Come sottolineato da Pubblicamministrazione.net, gli errori sono sostanzialmente bipartizan, propri più di un sistema che non delle proprie espressioni interne: «I due principali partiti italiani, il Popolo della Libertà ed il Partito Democratico hanno leggermente modificato alcuni contenuti ed anche l’organizzazione stessa dei portali. Il PdL migliora la parte grafica, mentre aver suddiviso i contenuti in quattro mini siti, tre dei parlamentari ed uno del Governo Berlusconi, generano un rischio di dispersione e di duplicazione dei contenuti. Il Pd invece pur avendo una piattaforma tecnologica ben sviluppata sembra aver fatto un passo indietro nella capacità di stimolare la partecipazione degli utenti». Nessun passo avanti per Lega Nord e Unione di Centro, mentre l’Italia dei Valori ha fatto propria la carica del leader per «combinare chiavi comunicative efficaci con coinvolgimento dell’utente».

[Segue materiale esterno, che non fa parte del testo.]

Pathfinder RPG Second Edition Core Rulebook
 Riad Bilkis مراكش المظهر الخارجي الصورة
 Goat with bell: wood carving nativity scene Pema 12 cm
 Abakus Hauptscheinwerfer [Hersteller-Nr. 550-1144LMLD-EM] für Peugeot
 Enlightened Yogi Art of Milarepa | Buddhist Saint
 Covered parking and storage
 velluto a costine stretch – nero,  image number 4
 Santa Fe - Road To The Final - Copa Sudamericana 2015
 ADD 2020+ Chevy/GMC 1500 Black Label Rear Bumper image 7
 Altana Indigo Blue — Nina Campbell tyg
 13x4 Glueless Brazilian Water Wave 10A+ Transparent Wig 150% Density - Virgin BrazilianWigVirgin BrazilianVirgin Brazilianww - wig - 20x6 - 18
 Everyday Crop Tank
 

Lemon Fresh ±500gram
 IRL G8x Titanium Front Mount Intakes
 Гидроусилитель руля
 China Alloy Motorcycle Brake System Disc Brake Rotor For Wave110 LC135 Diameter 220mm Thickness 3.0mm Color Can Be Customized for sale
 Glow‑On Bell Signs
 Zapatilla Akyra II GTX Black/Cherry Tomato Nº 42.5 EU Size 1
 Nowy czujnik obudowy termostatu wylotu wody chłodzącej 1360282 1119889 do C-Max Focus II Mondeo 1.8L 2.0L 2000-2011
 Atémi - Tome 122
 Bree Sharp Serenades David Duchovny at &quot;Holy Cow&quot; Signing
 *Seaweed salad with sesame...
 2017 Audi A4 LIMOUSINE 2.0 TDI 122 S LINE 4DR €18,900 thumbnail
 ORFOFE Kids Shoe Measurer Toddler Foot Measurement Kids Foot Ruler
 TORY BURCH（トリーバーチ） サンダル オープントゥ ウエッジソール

E se i siti Web non dimostrano alcuna particolare proprietà comunicativa, la situazione è probabilmente peggiore nell’interazione con i social media, ove gran parte della politica italiana sembra cercare più il proselitismo che non il dialogo: «Anche l’utilizzo di collegamenti con Facebook e Youtube non sono stati adeguatamente utilizzati. C’è da parte di tutti una corsa a caricare video su Youtube. Più difficile e quasi per nulla percorsa la strada della creazione di gruppi di discussione reale sul virtuale. In particolare si nota come non c’è, al contrario di quanto ha fatto il Presidente degli Stati Uniti, Barack Obama, prima da candidato e oggi da Capo della Casa Bianca, nessuna ricerca nel dare all’iscritto nessuna forma di identità impegnandolo in un ruolo attivo, di ricerca di altri iscritti, o di ricerca fondi o di creatore di contenuti di cui può essere capace».

Feroce la critica, ma giudizi tutto sommato bonari: la “pagella” dei vari partiti sembra infatti promuovere tutti, con Lega Nord e UDC fermi su di una sufficienza formale (da segnalare però, nel contesto dell’Unione di Centro, l’attività di un Ferdinando Casini il quale, tanto tramite il proprio blog quanto su Friendfeed ed omologhi, sta portando avanti un tentativo nuovo che merita la dovuta attenzione). Premiati in modo particolare la comunicazione interattiva del PD e dell’Italia dei Valori, ma anche la fazione al Governo ne esce senza bocciature vere. Lungi dal voler rappresentare un prospetto scientifico sulle attività online della politica italiana, il report è comunque indicativo del modus operandi delle varie correnti nel proprio approccio con il dialogo tramite la Rete. Il giudizio sulla nuova “Alleanza per l’Italia” rimane in sospeso, ma gli esordi non sembrano comunque preludere a sostanziali rivoluzioni. Anzi.

Conclude il prof. Pira, sociologo della comunicazione in forza all’ateneo di Udine: «i partiti politici italiani stanno perdendo la grossa occasione di aprire e poi consolidare un fitto dialogo con i propri iscritti attraverso la rete. A questo si aggiunge anche la difficoltà di una crescita culturale del sistema paese e quindi del rapporto corretto tra partiti, candidati ed elettori/cittadini per la mancanza di una rete efficiente e non a macchia di leopardo».